Final showdown. <- Previous • Next -> Afterstories.
In progress. Just started.
After we see the projector and dueling arena destroyed, the first shot of the epilog is blue sky with white clouds. It is blue for illusion and white for the prince—the world of the Academy has no visible change, at least for now. Anthy has not left yet, and Akio’s power is not affected. Neither he nor others of the Academy, except for Anthy who must be searching her soul, notices any difference. And the vanished Utena believes that she failed, and does not expect any difference.
We hear the voices of the shadow girls. The first segment is essentially the shadow play of the final episode, though (as in the First Seduction) the players appear only as voices. See shadow plays - episode 39 for a brief discussion. The shadow plays are stories that help us see through illusions to reality. You might say that, having seen Utena, the audience can start to look at reality directly and see through its illusions. In any case, the stories of the shadow play are now equated with the perceived real world—what we see as everyday life is a story or an illusion.

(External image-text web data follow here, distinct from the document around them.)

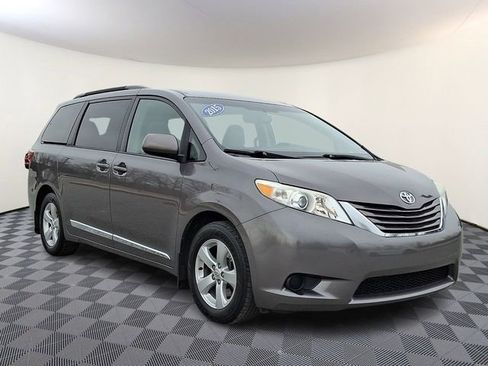 Used 2015 Toyota Sienna LE image 1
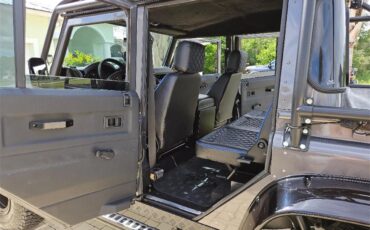 Land-rover-Defender-110-1988-grey-and-black-black-7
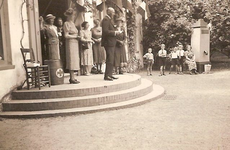 F1245 Kleuterschool in het Mildenburgbos. Burgemeester Van Voorst van Beest spreekt.; ca. 1939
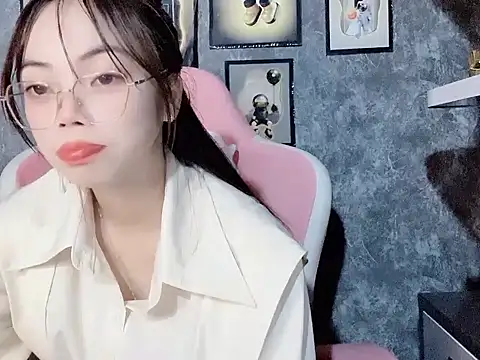 Snapshot of Ellie039 chatting on November 10, 2025, 5:29 pm Ellie039 online show from November 10, 2025, 5:29 pm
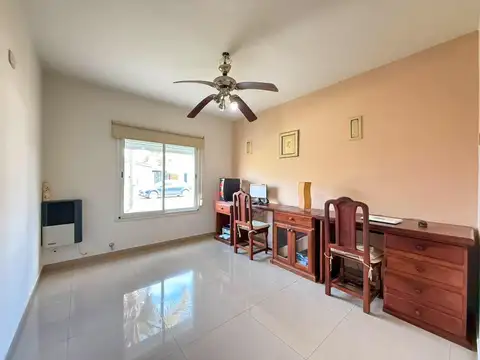 VENTA/PERMUTA: Casa de 4 con Cochera y Patio. Cañada de Gómez, Argentina.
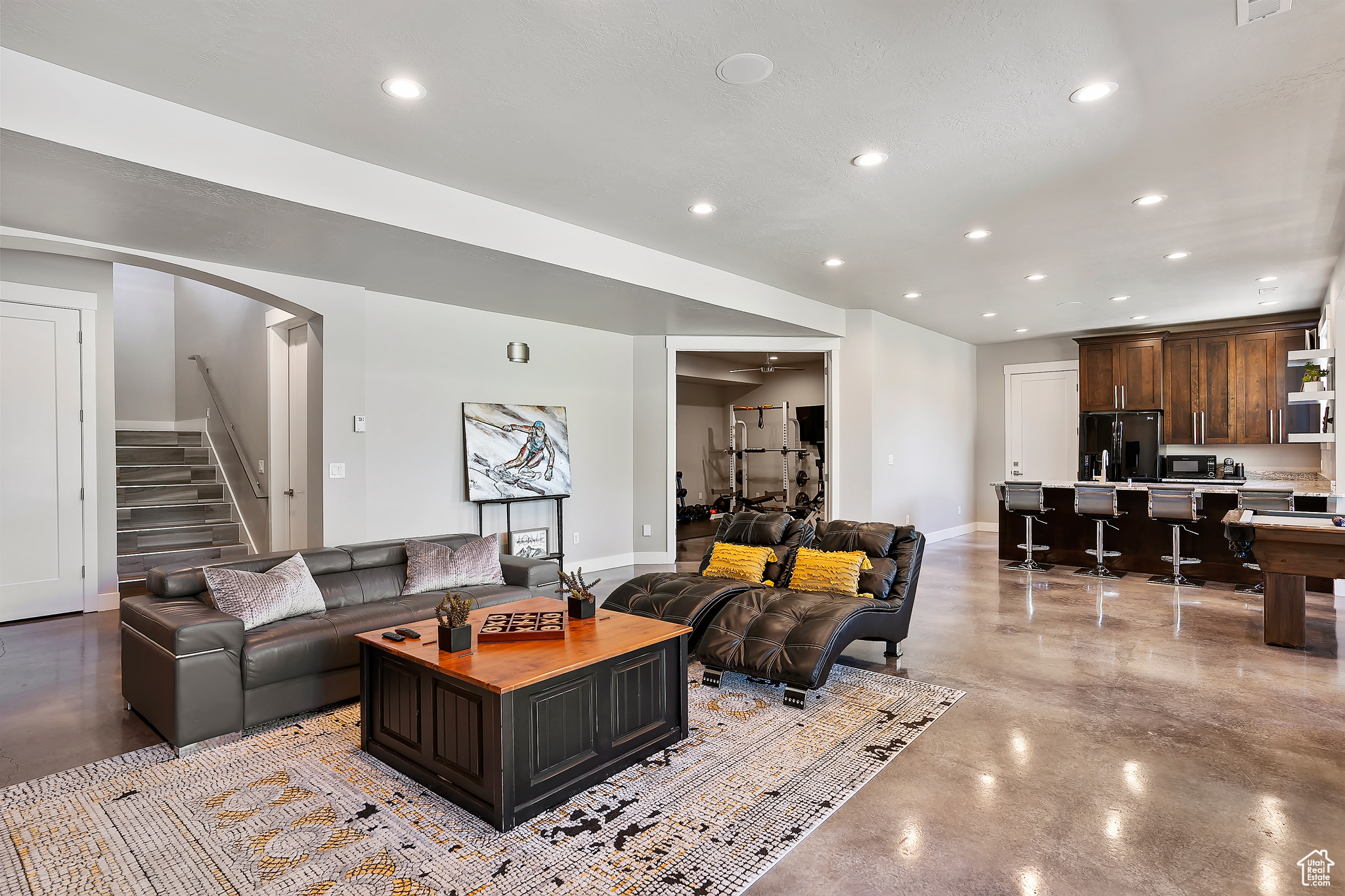 EAGLE RIDGE - Residential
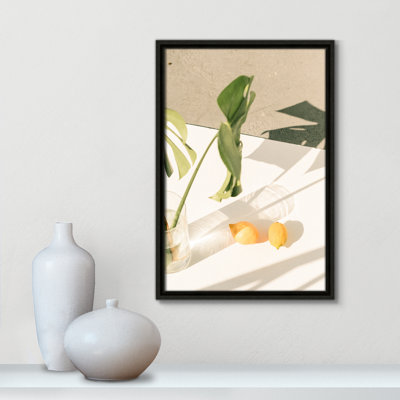 «Citrus & Palms» par Chandra Oh - reproduction encadrée sur toile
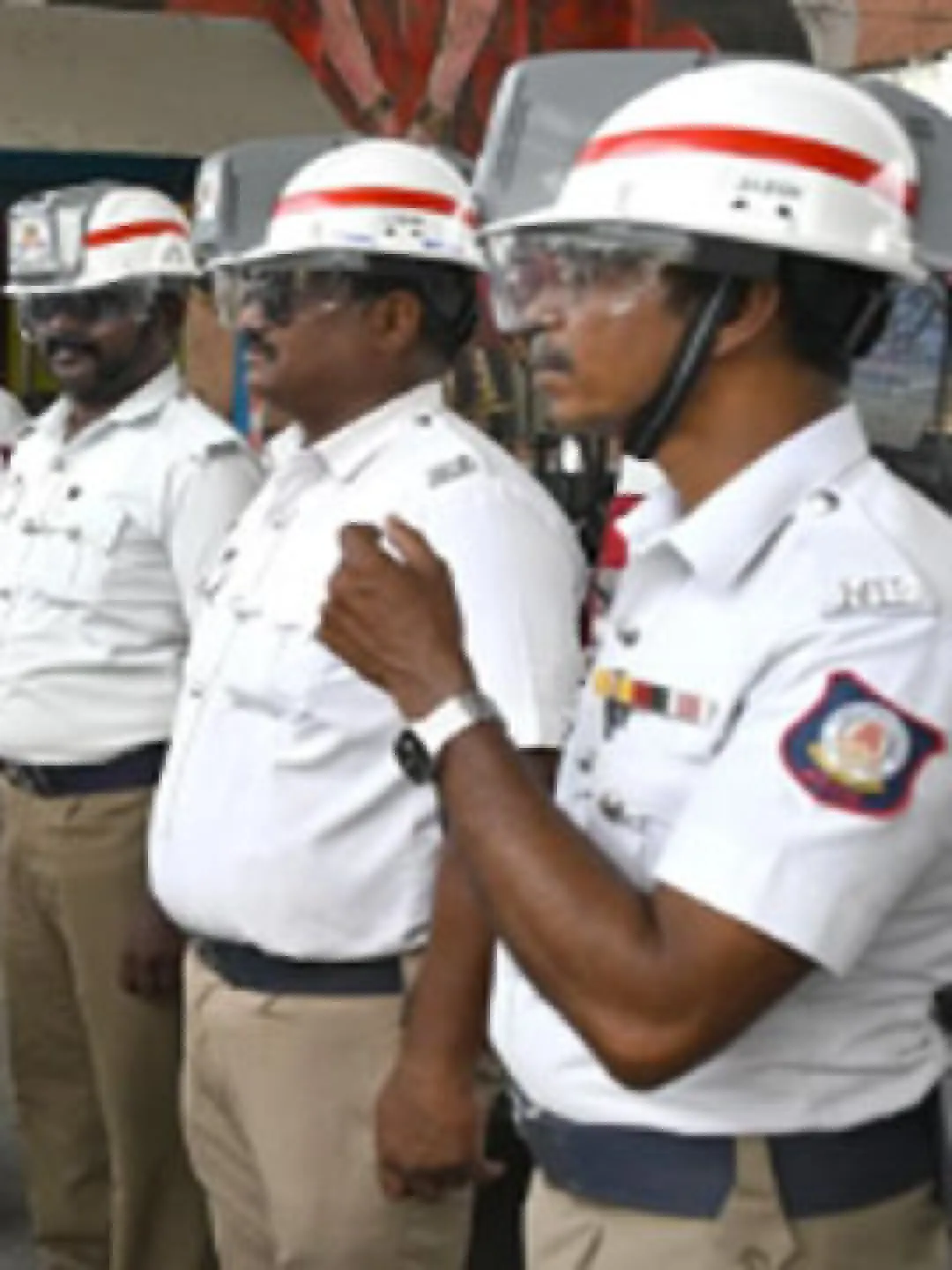 ట్రాఫిక్ పోలీసుల తెల్ల యూనిఫాం వెనుక ఉన్న అసలు కారణాలు మీకు తెలుసా?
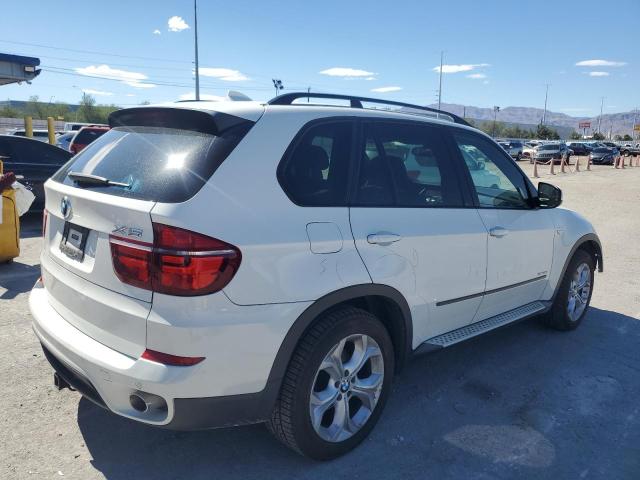 5UXZW0C58D0B91753 - 2013 BMW X5 XDRIVE35D WHITE photo 3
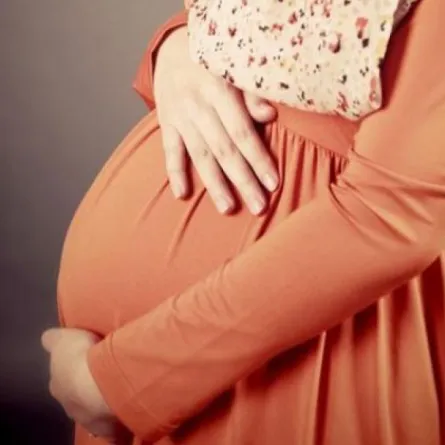 خبيرة تغذية تحذر الحامل من هذه المشروبات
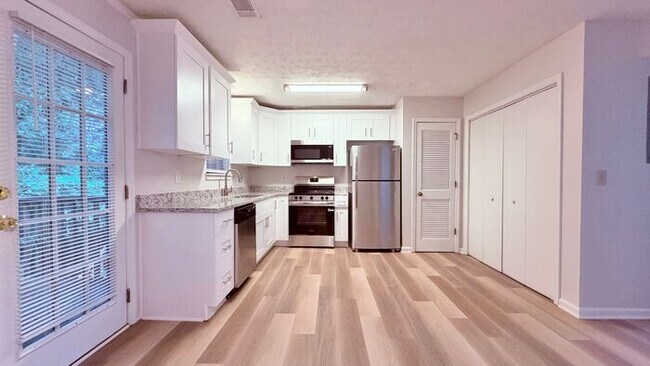 Foto del edificio - Snellville 2 Bed-2.5 Bath Townhouse, BRAND NEW KITCHEN and Flooring, End Unit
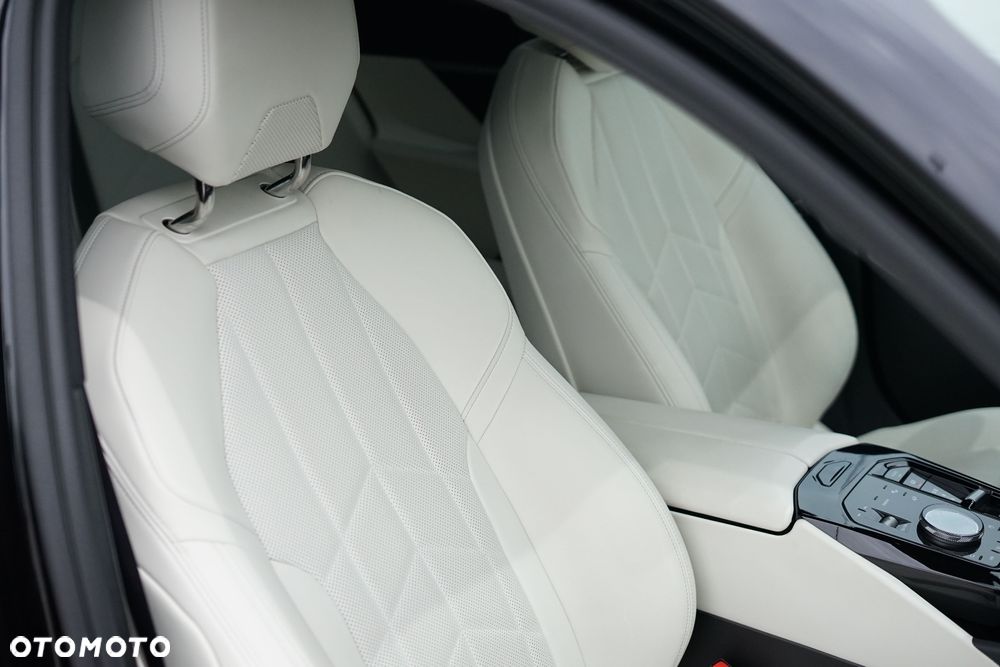 BMW Seria 5 520d xDrive mHEV - 36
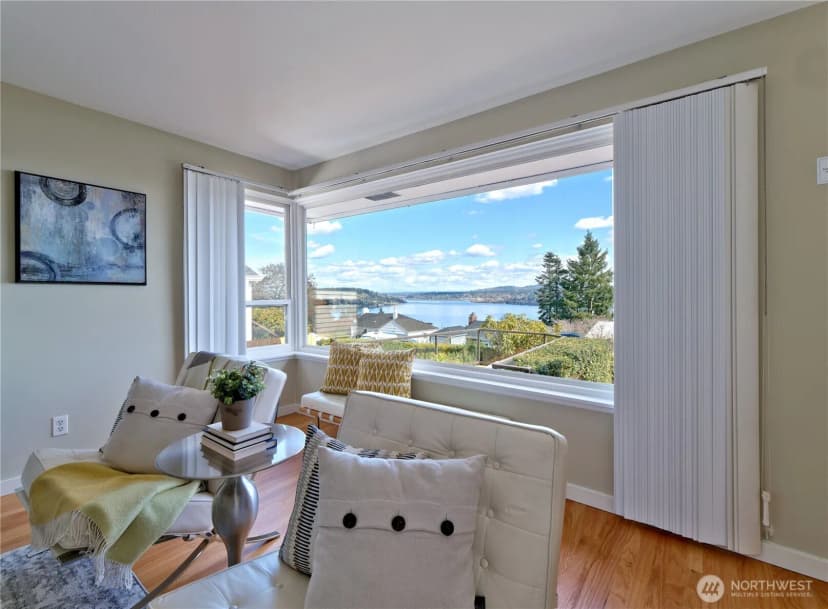 Property photo for 11027 Auburn Avenue S, Seattle photo 6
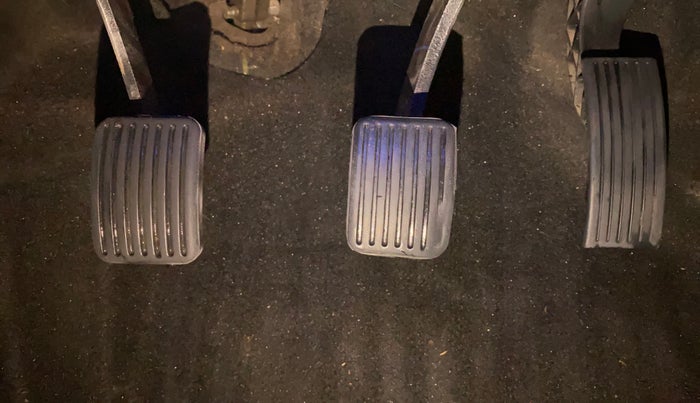 2023 Hyundai AURA SX 1.2 CNG, CNG, Manual, 78,017 km, Pedals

More to come. I will analyze this in more detail.
At the end of the Black Rose, Mikage disappears from the Academy and the events of the Black Rose are forgotten, though their effects remain. It’s parallel to Utena leaving and being forgotten, though the effects of her revolution remain.
The voices continue. They discuss Utena and trade rumors of why she left the Academy. The rumors sound incompatible with each other, but each is based on truth. Possibly each is entirely true. We can’t trust rumors, but we don’t have information to contradict any of the claims. It is Utena-like for the statements that sound the least reliable to be true.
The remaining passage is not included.